On the basis of time-of-flight secondary ion mass spectrometry, properties of amorphous solid water above the glass transition temperature $\left(136\mathrm{K}\right)$ and the hydration of polar $(\mathrm{HCOOH},{\mathrm{C}}_3{\mathrm{H}}_7\mathrm{OH})$ and nonpolar $({\mathrm{C}}_6{\mathrm{H}}_{14},{\mathrm{C}}_6{\mathrm{F}}_{14})$ molecules on the ${\mathrm{D}}_2\mathrm{O}$-ice surface have been investigated. No evidence was obtained for the irreversible transition of the amorphous solid water into the crystalline phase: the self-diffusion of water molecules occurs above $140\mathrm{K}$ irrespective of the preparation temperatures of the water-ice film ranging from $15\mathrm{K}$ to $165\mathrm{K}$, whereas the morphology of the film changes drastically at $165\mathrm{K}$ due to the evolution of liquidlike water. It is also demonstrated that the change in conformation of the hydrated $\mathrm{HCOOH}$ molecule, as well as the occurrence of hydrophilic/hydrophobic hydration of the ${\mathrm{C}}_3{\mathrm{H}}_7\mathrm{OH}$ molecule, can be analyzed successfully from the temperature evolutions of the secondary-ion intensities. These polar molecules basically stay on the surface and tend to quench the morphological change of the water film due to the reduction of surface tension.

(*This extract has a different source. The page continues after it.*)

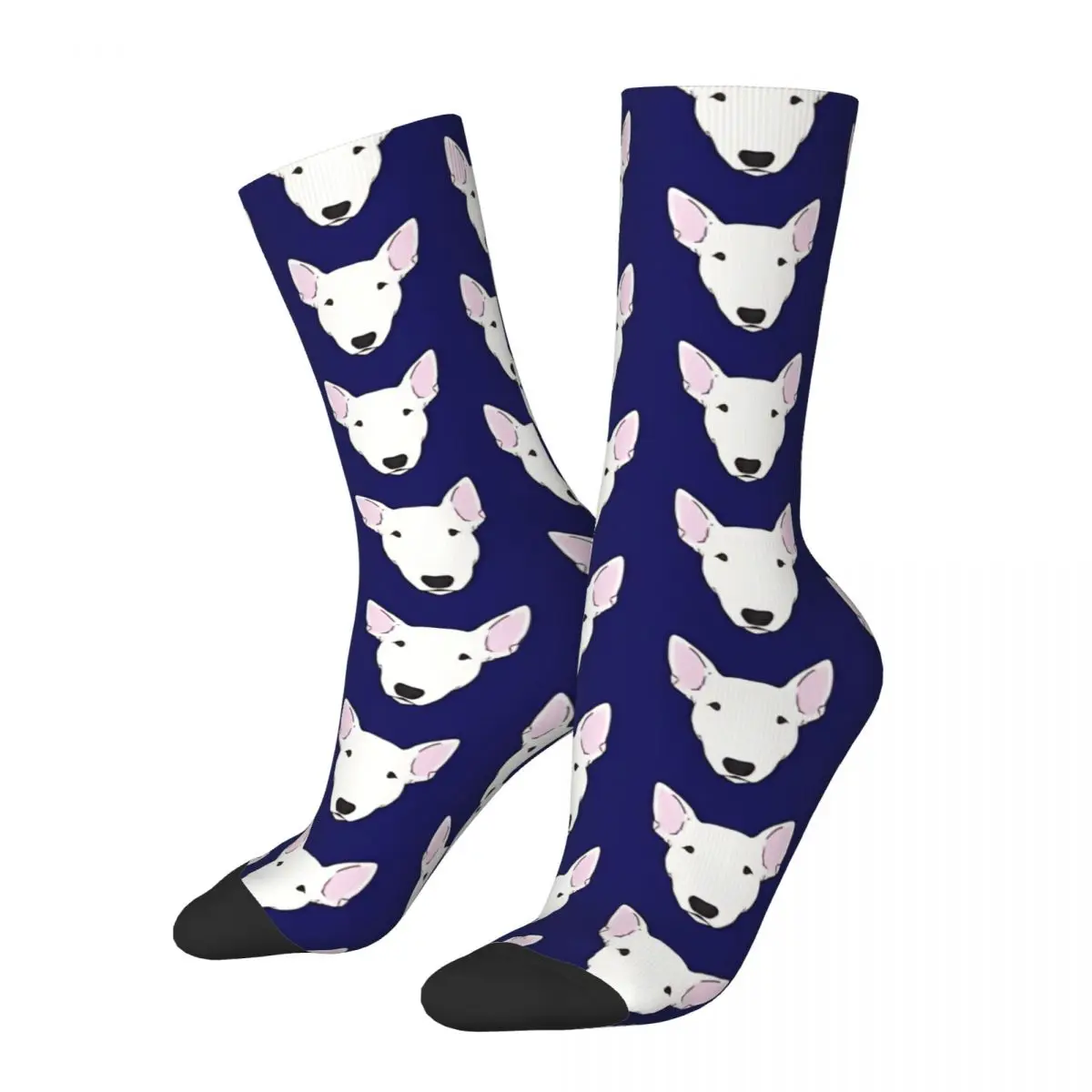 Blue The Bull Terrier Animal Socks Escursionismo 3D Print Boy Girls Calzino A Metà Polpaccio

The nonpolar ${\mathrm{C}}_6{\mathrm{H}}_{14}$ and ${\mathrm{C}}_6{\mathrm{F}}_{14}$ molecules readily dissolve in the ${\mathrm{D}}_2\mathrm{O}$ layer below $100\mathrm{K}$ and dehydration of the incorporated molecules occurs at $165\mathrm{K}$ concomitantly with the evolution of the liquidlike water. It is thus concluded that the hydrophobic hydration of nonpolar molecules is intimately related to the properties of water films.